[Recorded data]
------------------------------
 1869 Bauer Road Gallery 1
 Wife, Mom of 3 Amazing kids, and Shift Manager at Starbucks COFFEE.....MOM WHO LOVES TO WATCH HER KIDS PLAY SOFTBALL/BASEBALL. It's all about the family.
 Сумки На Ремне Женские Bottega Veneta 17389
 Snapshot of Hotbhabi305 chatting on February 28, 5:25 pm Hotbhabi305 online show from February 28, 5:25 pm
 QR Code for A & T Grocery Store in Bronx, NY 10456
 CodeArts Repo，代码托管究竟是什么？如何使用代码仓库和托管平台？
------------------------------
Every record above needs to be copied exactly.

Task response:
 1869 Bauer Road Gallery 1
 Wife, Mom of 3 Amazing kids, and Shift Manager at Starbucks COFFEE.....MOM WHO LOVES TO WATCH HER KIDS PLAY SOFTBALL/BASEBALL. It's all about the family.
 Сумки На Ремне Женские Bottega Veneta 17389
 Snapshot of Hotbhabi305 chatting on February 28, 5:25 pm Hotbhabi305 online show from February 28, 5:25 pm
 QR Code for A & T Grocery Store in Bronx, NY 10456
 CodeArts Repo，代码托管究竟是什么？如何使用代码仓库和托管平台？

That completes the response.